To the first-, second- and third-place winners, respectively, the Meijer store presented $200, $150 and $50 that was channeled to the winners' pick of charities and a local Coca-Cola bottling company matched the sums.

The contest participants included representatives of fire departments, police departments and sheriff's offices from a wide-ranging area, as well as Meijer employees and athletes from local schools. The hoopla attracted the attention of three network affiliate television stations, cable television and a radio station, who covered the event on Fat Tuesday, the eve of Lent. And the next day, the local daily newspaper ran a front-page photo of paczki-eating police officers.

Sales of the big pastries, too, went well, a store-level source told SN. On Fat Tuesday and the preceding week, the store sold upward of 2,500 individual paczki.

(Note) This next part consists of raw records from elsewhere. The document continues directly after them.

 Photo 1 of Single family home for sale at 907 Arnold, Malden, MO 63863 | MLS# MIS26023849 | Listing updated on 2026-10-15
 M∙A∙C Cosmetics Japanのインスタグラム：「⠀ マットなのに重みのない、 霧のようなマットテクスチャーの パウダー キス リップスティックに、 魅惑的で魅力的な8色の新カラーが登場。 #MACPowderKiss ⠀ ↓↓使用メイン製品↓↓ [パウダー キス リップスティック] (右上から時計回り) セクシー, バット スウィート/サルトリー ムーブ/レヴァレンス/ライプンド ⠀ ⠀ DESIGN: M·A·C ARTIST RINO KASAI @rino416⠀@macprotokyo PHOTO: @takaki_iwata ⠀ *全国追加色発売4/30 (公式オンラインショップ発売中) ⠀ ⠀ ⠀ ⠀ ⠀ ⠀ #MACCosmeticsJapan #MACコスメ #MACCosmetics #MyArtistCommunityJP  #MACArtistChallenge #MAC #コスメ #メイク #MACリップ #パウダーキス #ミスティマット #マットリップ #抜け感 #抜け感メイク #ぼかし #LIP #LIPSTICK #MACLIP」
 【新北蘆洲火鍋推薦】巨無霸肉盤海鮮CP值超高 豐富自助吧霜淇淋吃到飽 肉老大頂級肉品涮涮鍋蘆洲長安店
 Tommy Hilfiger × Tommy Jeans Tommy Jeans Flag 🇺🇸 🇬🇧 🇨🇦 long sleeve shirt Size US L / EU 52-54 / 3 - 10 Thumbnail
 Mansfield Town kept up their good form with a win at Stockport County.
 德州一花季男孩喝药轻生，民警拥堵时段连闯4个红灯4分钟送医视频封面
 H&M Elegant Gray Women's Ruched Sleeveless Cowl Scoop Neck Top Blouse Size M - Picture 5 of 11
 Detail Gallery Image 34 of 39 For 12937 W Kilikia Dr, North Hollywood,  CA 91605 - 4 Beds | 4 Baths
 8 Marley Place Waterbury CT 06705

Another Ohio retailer, Riesbeck's Markets, an independent headquartered in St. Clairsville, also got record attention from the consumer media this year with its annual Paczki Ball at its flagship store.

"On the weekend before Lent began, a TV station from Steubenville, an NBC affiliate, came over to our St. Clairsville store and photographed the whole process as we made paczki. It ended with the station's weatherman filling a paczki himself, dusting sugar on it, and then taking a big bite out of it. They showed that several times over the weekend and then [the camera crew] came back on the day of the ball. That day, we were on the early and late evening news," said John Chickery, bakery director, at the nine-unit Riesbeck's.

Chickery said paczki and Riesbeck's got TV coverage last year, but no way near as much as this year.

With the TV coverage at Riesbeck's and Meijer, a potential audience of at least 2 million was reached, said Dennis Smith, chairman of the Greater Cincinnati Paczki Promotion Committee.

Smith, who is president of Cincinnati-based Paper Products Co., helped orchestrate the events at the two stores. Earlier in February, he and his committee caught the media's attention with paczki-eating contests at a Cincinnati Mighty Ducks hockey game.